I miss plate lunches, and all the choices of meat I can get. However, I can make spam musubis in my own apartment, and conjure up my own little taste of Hawaii. Spam musubis are ridiculously easy to make if you’ve ever cooked Asian food before. Actually, if you’ve even made rice before, then you’ve already made half the dish! TOTALLY RADICAL! All you need is Spam, rice, nori (seaweed) sheets, furikake (optional rice seasoning), sugar, and soy sauce.

Slice up some spam and fry it in a pan. After a minute or two, add the sugar and soy sauce mix and let the meat soak up the juices.

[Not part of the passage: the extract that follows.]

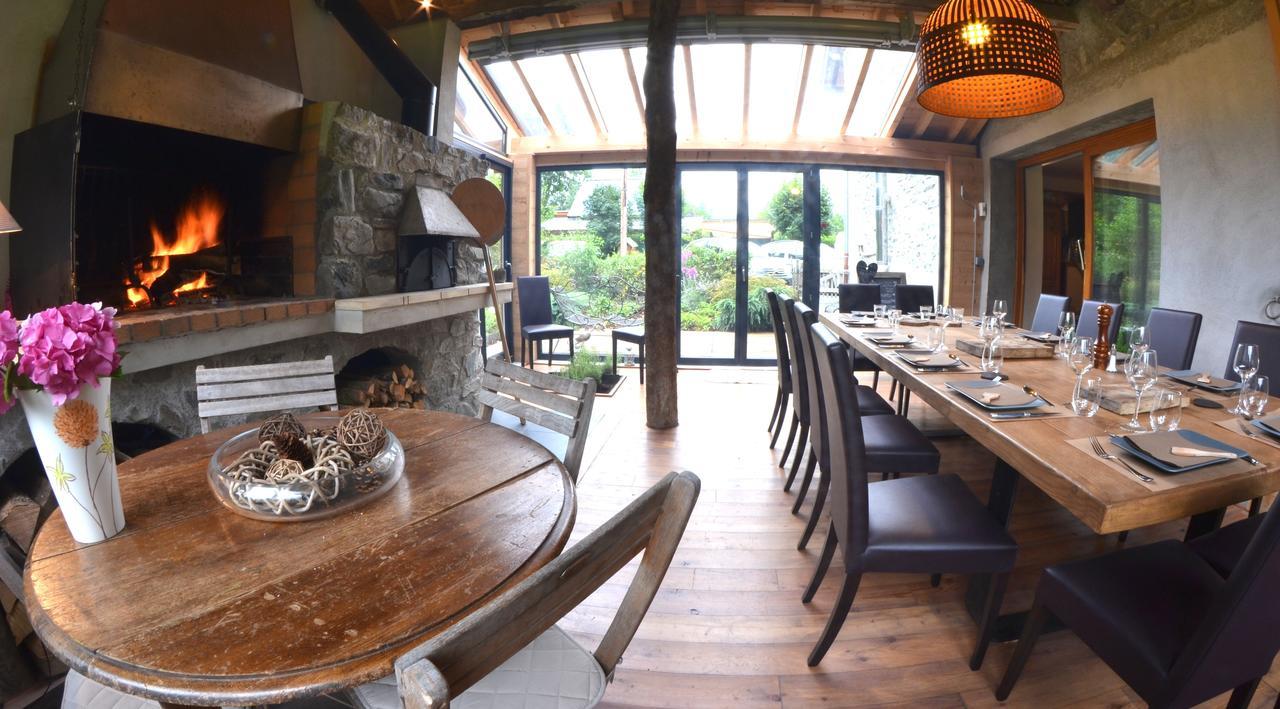 La Cle Des Bois Bed and Breakfast Le Bourg-dʼOisans Buitenkant foto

After the meat’s done cooking, take it off the stove, and in the meantime, take some rice and mold it into a rectangular bed for the spam slice. Add some rice seasoning to the top, and then place a slice of spam on top of it all. Wrap the entire thing in seaweed, and SHABAM! You have a handful of meaty and ricey goodness, that’s found all over Hawaii. Eat it on the go, or at home, or eat it like I do: while reading food blogs. Yes, I like to maximize my grastronomic exposure.